Now git status should look like this.

On branch master
Changes to be committed:
  (use "git reset HEAD <file>..." to unstage)

        new file:   .gitattributes
        new file:   bar.txt
        new file:   cat.bin
        new file:   dog.bin
        new file:   foo.txt

Finally, commit the new files

git commit -m "Add files"

Now, when you run git lfs ls-files, you will see the list of tracked files

f05131d24d * cat.bin
7db207c488 * dog.bin

LFS URL

When using a git server that supports lfs, the lfs url defaults upon clone/adding a remote. However, sometimes the LFS server and git server are two separate services (such as the lfs-test-server).

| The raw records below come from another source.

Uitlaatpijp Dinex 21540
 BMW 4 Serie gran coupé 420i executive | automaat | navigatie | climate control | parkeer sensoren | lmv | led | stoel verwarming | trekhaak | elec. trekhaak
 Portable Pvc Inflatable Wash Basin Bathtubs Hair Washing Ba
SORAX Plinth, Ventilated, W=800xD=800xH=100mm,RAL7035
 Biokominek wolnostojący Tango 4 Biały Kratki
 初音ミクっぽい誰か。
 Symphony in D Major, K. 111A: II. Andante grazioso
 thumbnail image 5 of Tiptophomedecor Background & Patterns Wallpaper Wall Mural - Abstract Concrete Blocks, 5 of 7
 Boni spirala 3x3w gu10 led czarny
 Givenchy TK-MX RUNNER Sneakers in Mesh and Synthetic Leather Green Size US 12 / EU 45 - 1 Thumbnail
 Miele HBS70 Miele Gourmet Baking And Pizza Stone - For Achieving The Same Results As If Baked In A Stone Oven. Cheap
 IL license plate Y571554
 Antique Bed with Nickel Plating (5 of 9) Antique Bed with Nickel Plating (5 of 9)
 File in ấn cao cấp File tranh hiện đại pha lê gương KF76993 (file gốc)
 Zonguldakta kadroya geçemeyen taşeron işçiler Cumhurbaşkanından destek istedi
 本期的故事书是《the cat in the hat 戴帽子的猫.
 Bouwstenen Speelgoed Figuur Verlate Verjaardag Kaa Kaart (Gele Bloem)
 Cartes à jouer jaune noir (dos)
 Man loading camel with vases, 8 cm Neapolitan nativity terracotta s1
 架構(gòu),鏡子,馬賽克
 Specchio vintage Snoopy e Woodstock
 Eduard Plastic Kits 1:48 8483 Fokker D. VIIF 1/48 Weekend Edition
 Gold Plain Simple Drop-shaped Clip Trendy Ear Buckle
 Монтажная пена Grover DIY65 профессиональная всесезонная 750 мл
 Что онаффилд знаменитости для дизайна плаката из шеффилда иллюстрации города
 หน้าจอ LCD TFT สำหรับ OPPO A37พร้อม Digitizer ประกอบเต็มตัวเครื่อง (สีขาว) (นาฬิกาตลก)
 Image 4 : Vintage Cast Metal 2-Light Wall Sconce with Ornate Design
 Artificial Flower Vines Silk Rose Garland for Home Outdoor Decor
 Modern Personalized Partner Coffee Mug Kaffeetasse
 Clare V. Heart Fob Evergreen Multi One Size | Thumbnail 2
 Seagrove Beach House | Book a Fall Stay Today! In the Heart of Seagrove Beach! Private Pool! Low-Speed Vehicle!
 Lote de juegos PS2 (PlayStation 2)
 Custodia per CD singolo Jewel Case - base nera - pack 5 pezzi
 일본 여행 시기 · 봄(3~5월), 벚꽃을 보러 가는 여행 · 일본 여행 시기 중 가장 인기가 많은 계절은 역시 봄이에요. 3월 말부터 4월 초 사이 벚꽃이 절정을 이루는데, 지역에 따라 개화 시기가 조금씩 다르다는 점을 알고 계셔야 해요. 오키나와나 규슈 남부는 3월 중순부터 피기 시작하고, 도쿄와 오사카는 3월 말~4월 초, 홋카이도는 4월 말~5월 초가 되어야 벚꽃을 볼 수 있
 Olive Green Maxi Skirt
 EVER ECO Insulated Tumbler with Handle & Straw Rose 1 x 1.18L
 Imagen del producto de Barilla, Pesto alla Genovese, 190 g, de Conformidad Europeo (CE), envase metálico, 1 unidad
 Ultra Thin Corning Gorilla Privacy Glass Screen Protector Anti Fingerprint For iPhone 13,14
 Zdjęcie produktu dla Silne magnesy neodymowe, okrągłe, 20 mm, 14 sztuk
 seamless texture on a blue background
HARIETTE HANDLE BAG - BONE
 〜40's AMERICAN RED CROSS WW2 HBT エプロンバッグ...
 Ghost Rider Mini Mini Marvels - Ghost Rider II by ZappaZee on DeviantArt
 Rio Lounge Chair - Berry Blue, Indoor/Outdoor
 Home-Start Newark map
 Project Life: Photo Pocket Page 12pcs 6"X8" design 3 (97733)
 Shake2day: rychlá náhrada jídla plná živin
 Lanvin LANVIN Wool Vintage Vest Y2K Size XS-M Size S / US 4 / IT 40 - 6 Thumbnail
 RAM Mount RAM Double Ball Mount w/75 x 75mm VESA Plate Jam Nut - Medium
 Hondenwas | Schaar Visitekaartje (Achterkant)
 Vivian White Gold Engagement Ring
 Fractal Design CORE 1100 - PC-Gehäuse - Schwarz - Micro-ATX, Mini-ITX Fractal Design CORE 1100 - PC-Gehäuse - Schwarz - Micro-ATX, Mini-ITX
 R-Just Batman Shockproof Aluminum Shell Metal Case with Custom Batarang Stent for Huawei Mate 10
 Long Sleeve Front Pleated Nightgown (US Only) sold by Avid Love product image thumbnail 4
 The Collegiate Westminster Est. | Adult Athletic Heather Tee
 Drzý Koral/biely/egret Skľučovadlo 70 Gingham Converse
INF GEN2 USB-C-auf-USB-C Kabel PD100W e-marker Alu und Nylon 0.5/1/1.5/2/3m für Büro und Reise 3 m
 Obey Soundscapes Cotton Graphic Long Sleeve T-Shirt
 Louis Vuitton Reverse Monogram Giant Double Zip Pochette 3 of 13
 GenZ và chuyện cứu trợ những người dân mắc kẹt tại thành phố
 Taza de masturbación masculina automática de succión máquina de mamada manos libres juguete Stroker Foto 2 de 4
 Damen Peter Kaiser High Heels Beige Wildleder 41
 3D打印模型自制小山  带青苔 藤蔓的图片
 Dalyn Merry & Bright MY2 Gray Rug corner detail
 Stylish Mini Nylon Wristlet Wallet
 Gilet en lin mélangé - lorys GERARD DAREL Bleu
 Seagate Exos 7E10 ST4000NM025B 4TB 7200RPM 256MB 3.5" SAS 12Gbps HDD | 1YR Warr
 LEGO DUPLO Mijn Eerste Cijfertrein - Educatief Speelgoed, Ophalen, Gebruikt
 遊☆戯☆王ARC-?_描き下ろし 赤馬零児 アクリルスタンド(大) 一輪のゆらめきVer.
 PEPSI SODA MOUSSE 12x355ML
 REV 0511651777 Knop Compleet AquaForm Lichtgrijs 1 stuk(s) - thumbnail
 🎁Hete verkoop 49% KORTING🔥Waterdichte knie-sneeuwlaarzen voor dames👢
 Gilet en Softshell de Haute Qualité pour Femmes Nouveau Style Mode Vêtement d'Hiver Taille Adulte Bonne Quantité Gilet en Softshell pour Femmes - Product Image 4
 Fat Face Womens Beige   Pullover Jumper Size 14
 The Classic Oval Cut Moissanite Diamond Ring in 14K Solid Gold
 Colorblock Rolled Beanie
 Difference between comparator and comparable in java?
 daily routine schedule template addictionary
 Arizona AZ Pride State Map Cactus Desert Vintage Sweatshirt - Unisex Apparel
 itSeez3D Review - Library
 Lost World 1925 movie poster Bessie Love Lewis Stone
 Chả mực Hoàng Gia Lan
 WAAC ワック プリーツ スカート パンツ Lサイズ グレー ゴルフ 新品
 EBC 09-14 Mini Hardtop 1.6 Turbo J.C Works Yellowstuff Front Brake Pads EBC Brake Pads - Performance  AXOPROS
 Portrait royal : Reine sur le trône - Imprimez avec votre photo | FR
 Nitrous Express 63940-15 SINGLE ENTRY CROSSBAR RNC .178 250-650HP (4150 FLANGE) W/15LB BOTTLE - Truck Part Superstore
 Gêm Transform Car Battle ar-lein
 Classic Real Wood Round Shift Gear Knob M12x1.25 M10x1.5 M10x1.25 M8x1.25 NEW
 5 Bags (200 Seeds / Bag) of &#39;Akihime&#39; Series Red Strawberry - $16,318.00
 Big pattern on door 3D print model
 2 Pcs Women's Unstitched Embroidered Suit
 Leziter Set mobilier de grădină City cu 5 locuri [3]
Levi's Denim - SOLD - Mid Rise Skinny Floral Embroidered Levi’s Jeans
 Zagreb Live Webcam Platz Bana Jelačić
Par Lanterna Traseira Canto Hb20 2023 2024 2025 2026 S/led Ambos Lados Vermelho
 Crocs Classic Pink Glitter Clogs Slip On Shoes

To see the lfs url, run git lfs env

git-lfs/1.1.1 (GitHub; windows amd64; go 1.5.3; git 7de0397)
git version 2.6.4.windows.1

Endpoint=https://example.com/path/myrepo.git/info/lfs (auth=none)
Endpoint (upstream)=example.com/path/myrepo.git/info/lfs (auth=none)
LocalWorkingDir=C:\src\myrepo
LocalGitDir=C:\src\myrepo\.git
LocalGitStorageDir=C:\src\myrepo\.git
LocalMediaDir=C:\src\myrepo\.git\lfs\objects
TempDir=C:\src\myrepo\.git\lfs\tmp
ConcurrentTransfers=3
BatchTransfer=true
git config filter.lfs.smudge = "git-lfs smudge %f"
git config filter.lfs.clean = "git-lfs clean %f"

The endpoint identifies the server URL the lfs objects are sent to. When using an external server like lfs-test-server, you need to override the default URL to point to your external URL. This can be done using git config lfs.url = "https://my_other_server.example.com/foo/bar/info/lfs", however this modifies the .git/config file, which is a local git file, and cannot be added to your git repository. To get around this, git-lfs will also use a custom .lfsconfig file.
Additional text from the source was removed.